As human activities are made safer, it tends to make us overconfident and take higher risks. This unintended consequence of increased safety has vast implications including, but not limited to, adventure sports, road safety, and stock markets.
Question for you. How many parachutes does one need to try skydiving? One, two?
Technically, none. That is if you want to jump only once. To do it more than once you need the parachute. Don’t you?
Well, I agree this was a weak attempt of starting this post with humour. But on a serious note, I am sure you know that every skydiver jumps with a reserve parachute. And what if the both the chutes don’t open? Well…so much for skydiving!
Instead of wondering about the number of parachutes, a more interesting question to ask here is this: does an additional chute make skydiving safer? “Of course! It should,” most people will argue, “When a skydiver knows that there’s a backup for the emergency, wouldn’t he feel safer? Isn’t that the reason skydiving, as a sport, has become so popular that hundreds of thousands of people indulge in it every year?”
But if you dig deeper into above statement, you’d realise that there lies the paradox of safety. Statistics reveal that even though skydiving equipment has made huge leaps forward for improving reliability, the fatality rate has stayed roughly constant when adjusted for the increasing number of participants.

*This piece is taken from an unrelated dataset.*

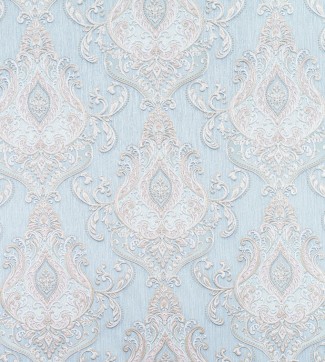 Обои голубой крупный Дамаск Freedom Долорес арт. 10609-05 Обои голубой круп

The backup parachute and other safety measures seem to reduce the risk only for a short while until the skydivers start feeling safer and, unfortunately, overconfident. This overconfidence promotes the skydivers to attempt even riskier manoeuvres which defeats the purpose of having the additional safety.

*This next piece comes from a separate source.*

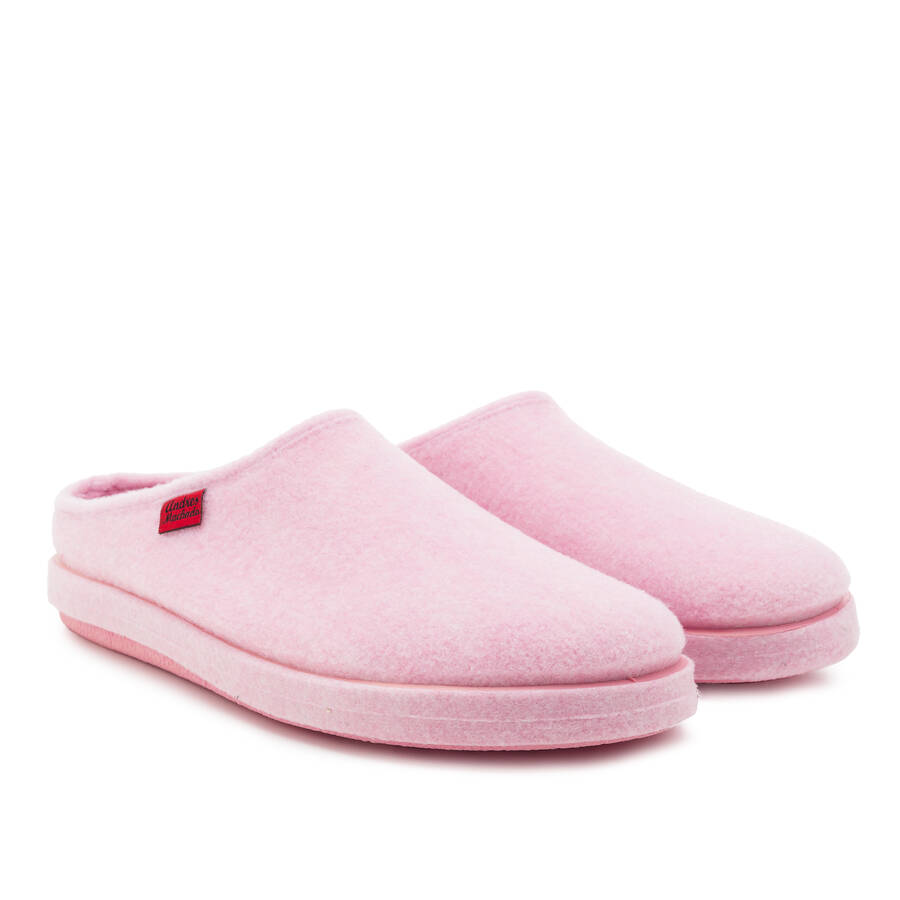 Very comfortable Pink Felt Slippers with footbed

Skydiving pioneer Bill Booth observed – “The safer skydiving gear becomes, the more chances skydivers will take, in order to keep the fatality rate constant.”
This phenomenon isn’t limited to skydiving alone. Take skiing for example. Recent studies indicate that skiers wearing helmets go faster on average than non-helmeted skiers, and that overall risk index is higher in helmeted skiers than non-helmeted skiers. Moreover, while helmets may help prevent minor head injuries, increased usage of safety headgear has not reduced the overall fatality rate.
So, am I arguing that people should stop wearing helmets and jump with a single chute only? No. That would be a defeatist view. My intention is to draw your attention to a less known behavioural bias called Peltzman Effect.